Tristesse du langage actuel amoureux, de sa représentation, devant laquelle les trois tentures bruxelloises: La Tenture du Monde (vers 1520-1530) avec Le Triomphe de la Vanité sur son char, Le Monde mis en balance, Le Monde ne tient qu'à un fil nous impressionnent par le fantastique de leur sujet moralisateur, dans ce combat entre Vices et Vertus, tentation et charité, hypocrisie et humilité. Regardez la Vanité se contemplant dans un miroir ou Justice arrachant à l'aide d'une pince la langue de Blasphème. Toutes ces images, à cinq siècles de distance, émeuvent et évoquent toujours leur histoire, retranscription qui sourd de la vidéo Sans titre (2015) d'Ange Leccia, commande de la ville de Beauvais, avec des images de tapisseries dans un regard choisi de l'artiste.
Vues de l'exposition Amours, Vices & Vertus. Galerie nationale de la tapisserie, Beauvais © Le Curieux des arts Gilles Kraemer, présentation presse, juin 2015
Amours et délices se lovent dans le long couloir en sous-sol de la Galerie, propice à exposer les douze manchettes de chemises d'hommes revisitées par Philippe Favier avec le titre très explicite de La Veuve poignet ; d'un format très restreint, ses dessins nous obligent à un regard voyeuriste. Regard continué sur un mur de papier peint de Fariba Hajamadi (2015) aux motifs extraits d'un livre de positions indien sur lequel sont accrochés le papier peint-toile de Jouy d'Ida Tursic & Wilfried Mille (2012-2014), d'un innocence enfantine au premier regard mais délivrant des images saphiques et des papiers peints du XIXe siècle, très sages, aux inspirations mythologie ou de veine troubadour.

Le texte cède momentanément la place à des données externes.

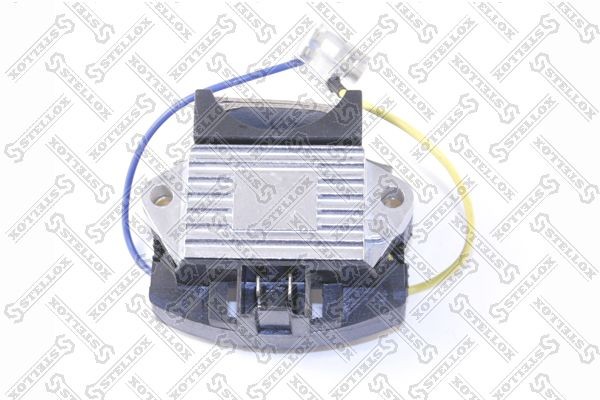 реле-регулятор!\ Renault Clio/R19/R21/R25 1.4-2.8 <95 06-71652-SX STELLOX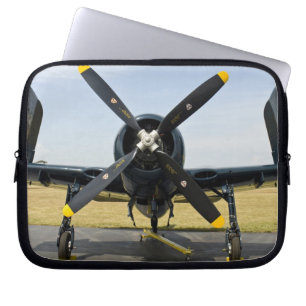 Grumman F8F Bearcat Marine-Trägerflugzeug auf dem Laptopschutzhülle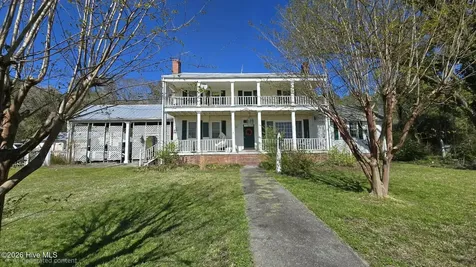 2083 Harvey Point Road Hertford NC 27944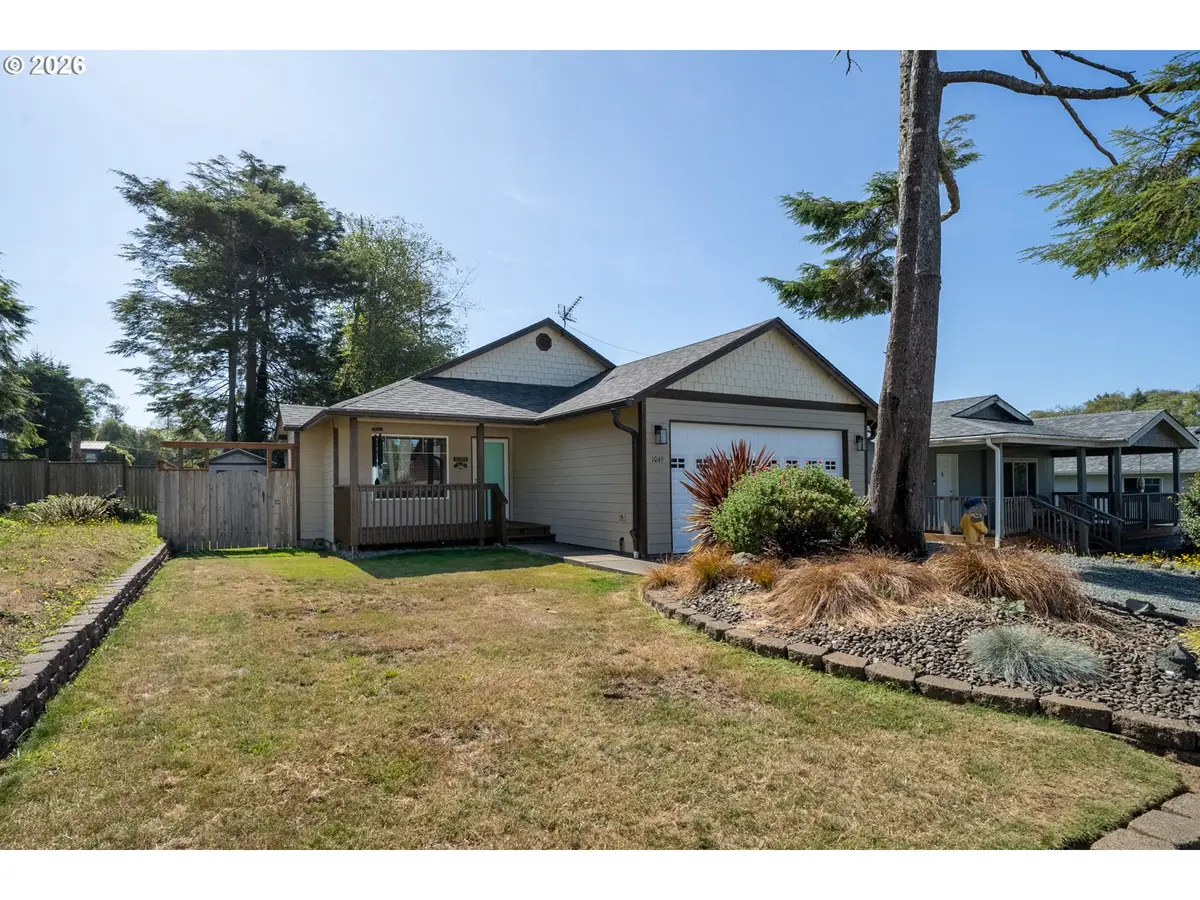 1045 NE 13th Ave, Rockaway Beach, OR 97136 - #1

Sorti de ce couloir des passions ravageuses ou calmes, laissez-vous envahir par la majesté des trois immenses Grotesques sur fond jaune tissés à Florence vers 1546-1560. Nous sommes bien loin du propos des Amours mais, pourquoi pas ? Ce sont des pièces rarement vues. Alors ne boudons pas notre plaisir, un joli vice qu'il faut parfois satisfaire. Par la contemplation et un œil amoureux.
Gilles Kraemer
Amours , Vices & Vertus
30 mai-16 août 2015
Galerie nationale de la tapisserie
60 000 Beauvais
commissariat Monique Blanc, Véronique de la Hougue, Françoise-Claire Prodhon, Gaïdig Lemarié
http:/.mobiliernational.culture.gouv.fr/fr/infos-pratiques/beauvais
http://beauvais.fr/actualites/prochainement-a-beauvais/671-amours-vices-et-vertus.html
Pas de catalogue. Plaquette de 30 pages distribuée.
Profitez de votre venue à Beauvais pour assister au son et lumière Beauvais, la cathédrale infinie imaginé par Skertzò et visiter le musée de l'Oise, ré-ouvert sous le nom de MUDO.